Good luck with your project and I hope that you can solve your issues!
 

soulpunisher

New Member
Joined
Apr 7, 2022
Messages
17
Reaction score
8
If you look at the stock air intake it is already a cold air intake. It scoops air from under the front of the hood. I don’t know why you would want to **** air from under the hood. Everyone that has been in here will disagree with you if you say a cold air intake will help anything on this engine. The is an intake air temp sensor that does quite a bit. That sludge you see is the notorious snot that forms due to the oil filler neck being cold in the winter. Short trips makes it worse, constant long drives over 30 minutes all the time, may never see it. It the same as when you go out in the cold and your nose starts running from the moisture in your breath. There is also a service bulletin that they use to change the pcv valve location and simplifies all the tubes. The 07s are setup this way already.

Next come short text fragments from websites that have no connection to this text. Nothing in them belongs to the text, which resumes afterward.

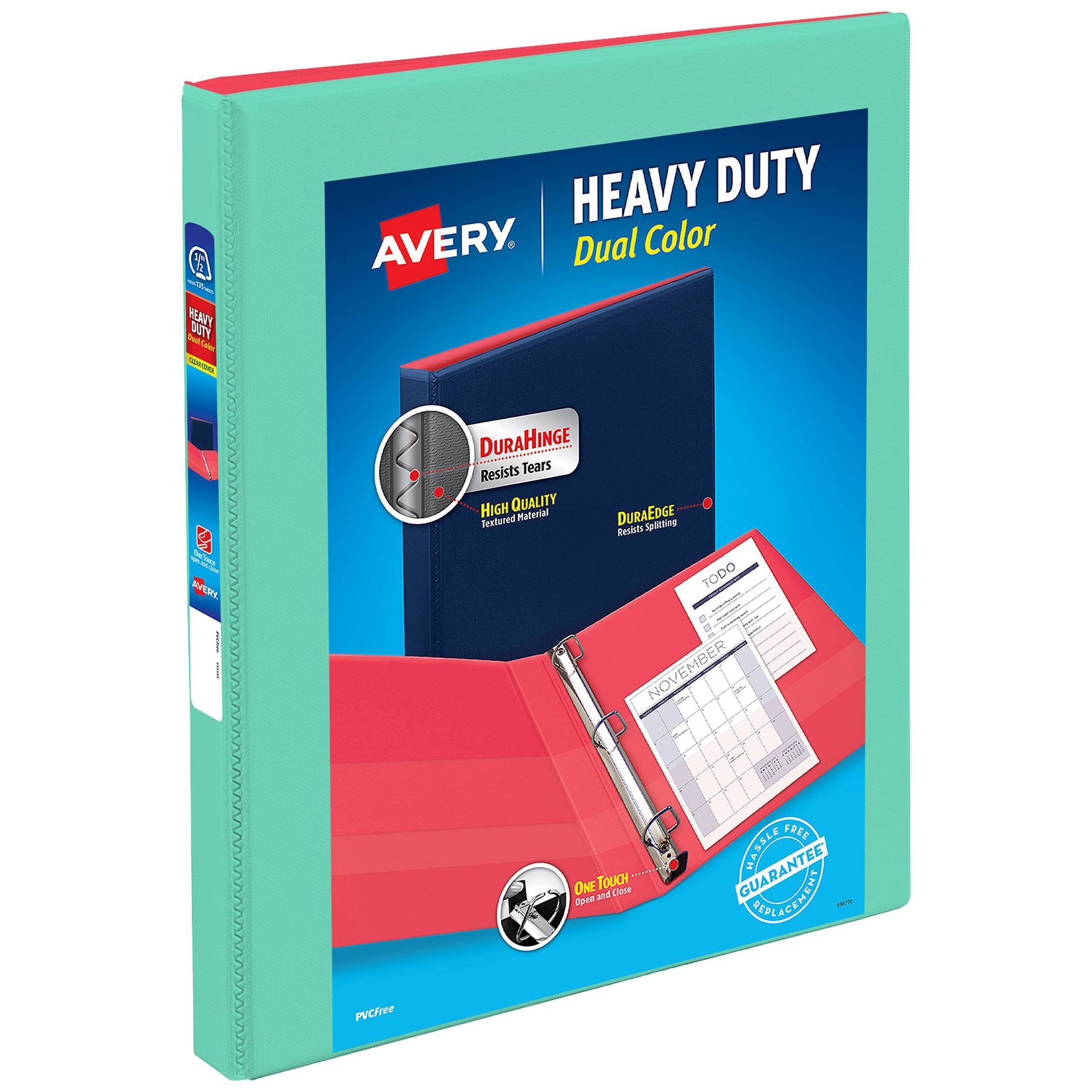 Avery 0.5" D-Ring Binder Heavy Duty Dual View Mint/Coral: Polypropylene, 135 Sheet Capacity, 4 Pockets, Hard Cover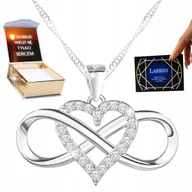 Naszyjniki - Naszyjnik Srebrny 925 Serce z Nieskończonością Wieczna Miłość Love + NADRUK - miniaturka - grafika 1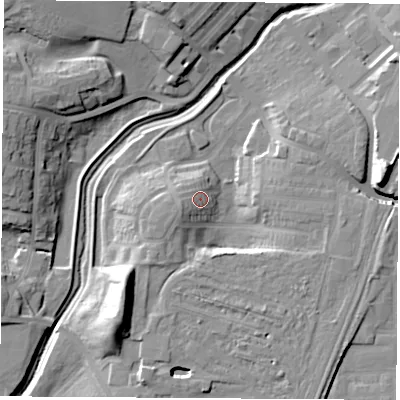 Shaded relief map of the ground around TS190AX, computed from Environment Agency LiDAR. The ground here sits at about 11 m above sea level and falls 18 m across the surrounding 800 m. Surface water reaching this point runs off ground lying to the west-south-west, 4.7 m higher.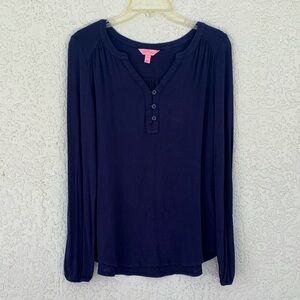 Lilly Pulitzer Navy Long Sleeve Blouse size S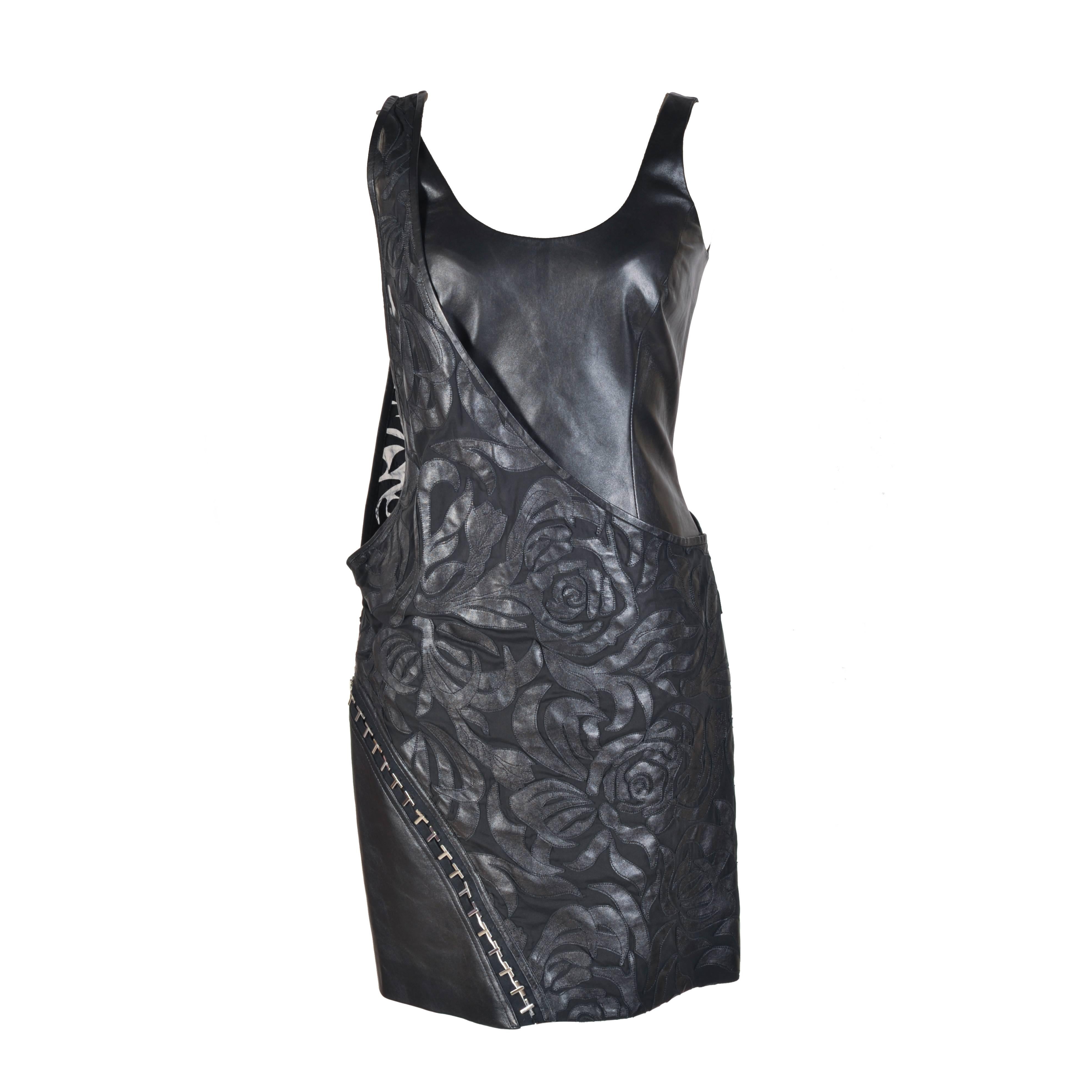 Versace Black Floral Detail Leather Dress 38 - 2 (4) For Sale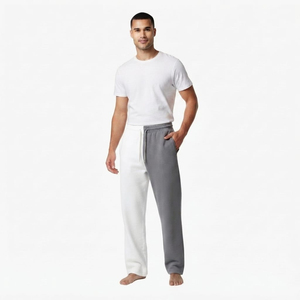 Pantalon de jogging personnalisé pour homme en molleton de coton, color block, avec cordon de serrage à la taille, couleur unie - Product Image 2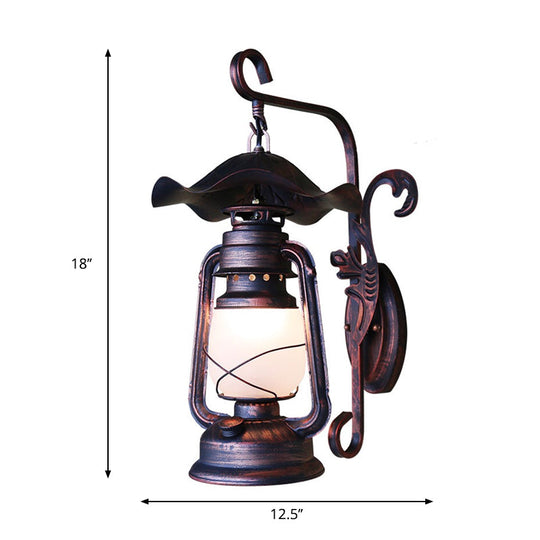 Kerosene Lamp Wall Sconce: Frosted Glass Weathered Copper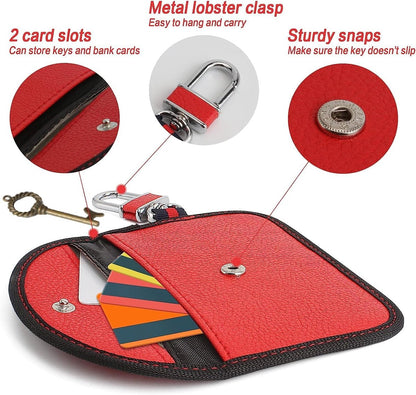 RFID Anti-theft Car Key - 2 pieces - Protective cover - Car key - Anti-theft - With hook - Car key bag - Key bag - Security - Black/Red - Image 3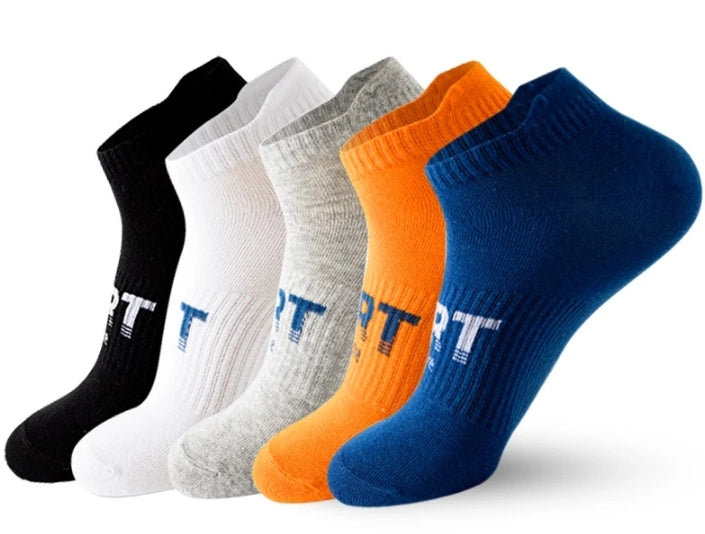 ROYALUCK 5 Pairs Mens Ankle Athletic Low Cut Sports Socks Cushioned Running Cotton Socks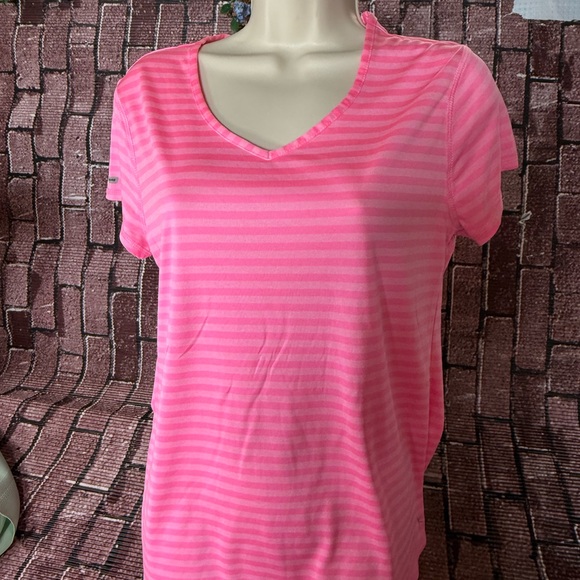 Danskin Pink Striped V-Neck Tee XL - Picture 1 of 5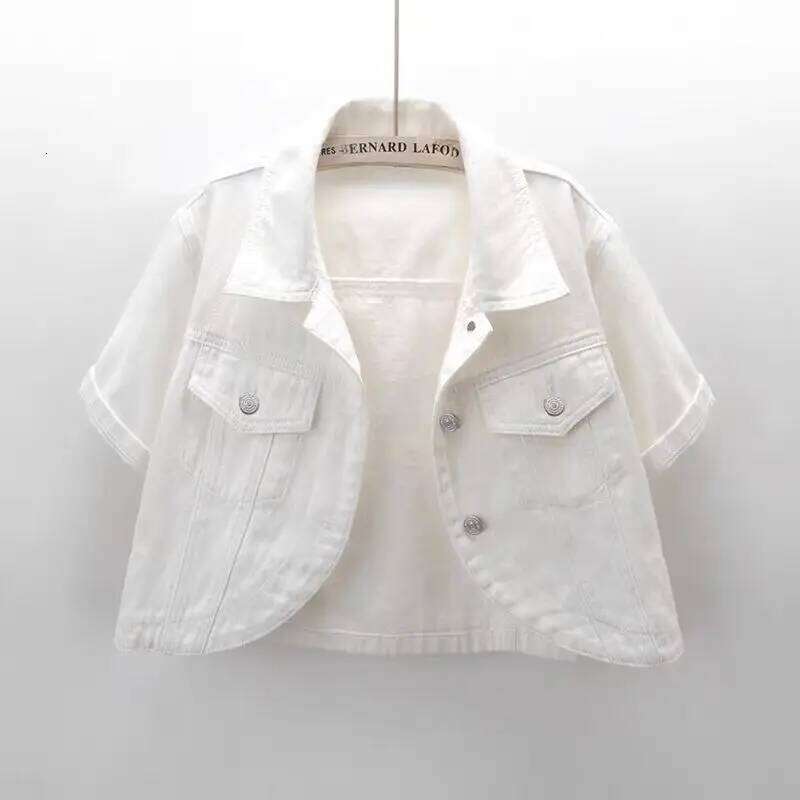 Designer Clothing 2025 Spring Summer Women Solid Color Casual Denim Coat Female Short Sleeve Pink Jean Jacket Outerwear Chaquetas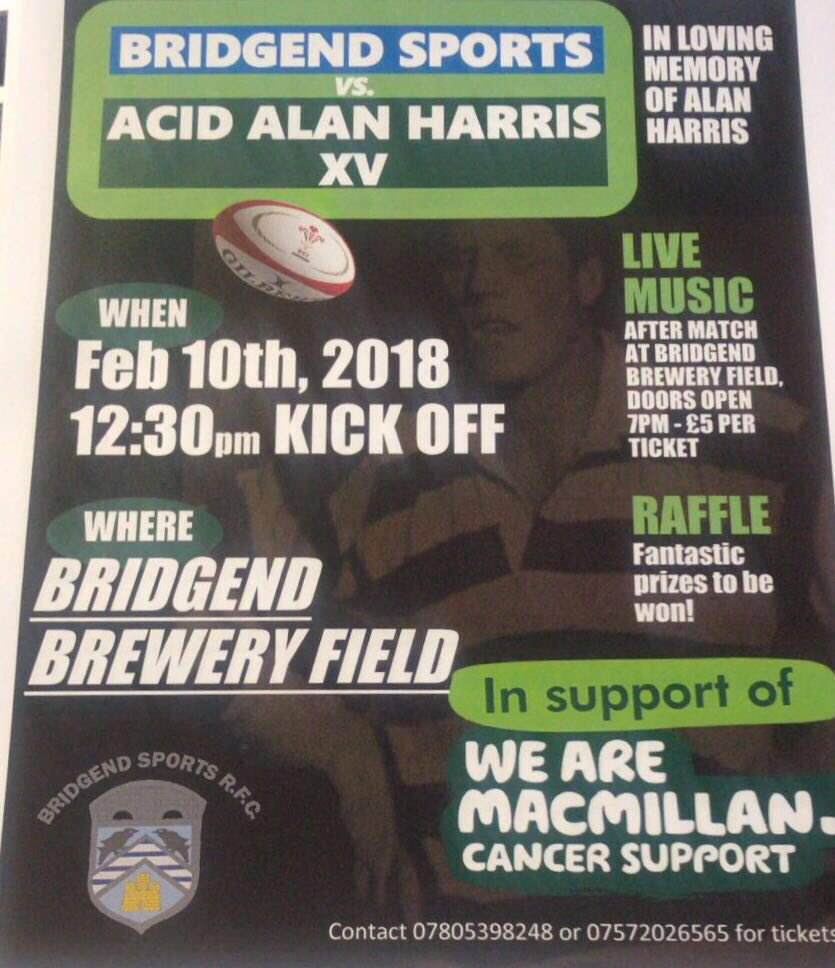 Get down and support this memorial game for Alan Harris in support of <a href="/macmillancancer/">Macmillan Cancer Support</a> being hosted at <a href="/bridgendravens/">Bridgend Ravens</a> ground on February 10th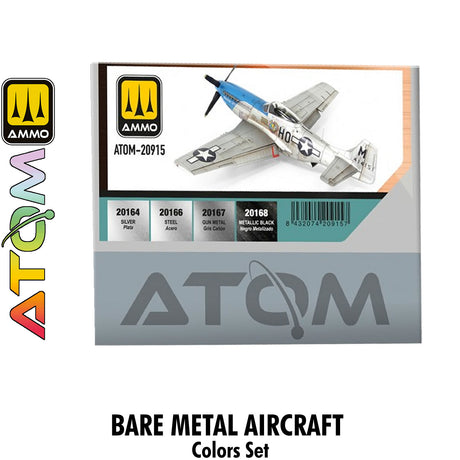 ATOM Bare Metal Aircraft Colors Set - 4 20ml Acrylic Paint | Ammo by Mig Jimenez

I’m going to run a longer piping behind the the passenger headlight (mine has custom wrangler headlights with a bypass to let cold air directly into the piping etc). Further more, I’m going to do this not only to switch from a square filter to a cone type k & n which usually gets better airflow (cone type) but to actually not have the hood mostly blocking what was almost a good idea until you see how much the hood blocks it, but there’s several other factors. Like a cleaner and easier type of piping to clean, a tighter fitting (the box that hooks directly to the throttle body has all kinds of seeping cracks etc and it’s just made that way which kind of defeats the purpose of steady flowing air?…) and to get more of the hoses for the air box run different directions that get them out of the way of almost everything. As well as free up most of the passenger side to get all that out of the way of your strut bolts and is even easier to get to the passenger side coil packs and fuel injectors/rail and to be able to clean to engine bay with much more ease and not really taking anything off etc.
not to mention I have almost all of this laying around already (piping,hoses, filter etc) to do it or the tools to customize just about anyway I want it. I personally have never heard anyone tell me for ANY vehicle that colder air and or tighter fittings (more consistent air flow) isn’t better for it?.. plus it isn’t gonna cost me anything except some time and work so why not? Oh, and mine is setup where there isn’t any sensors at all for the air intake. They are all on my manifold, so again why not do it? Plus way more room and easier cleaning all the way around is hard for anyone to say no to.
And I see what you’re saying about the oil filler neck and long/short runs and winter factors and if anything you’re giving more of a reason to install one? So that the Catch can, will CATCH it before running down the hose through the PCV valve and back into the filler neck… you do realize that’s what a PCV valve does, right? Any unburnt oil etc recirculates . This can cause sludge or rough idle and other things as well.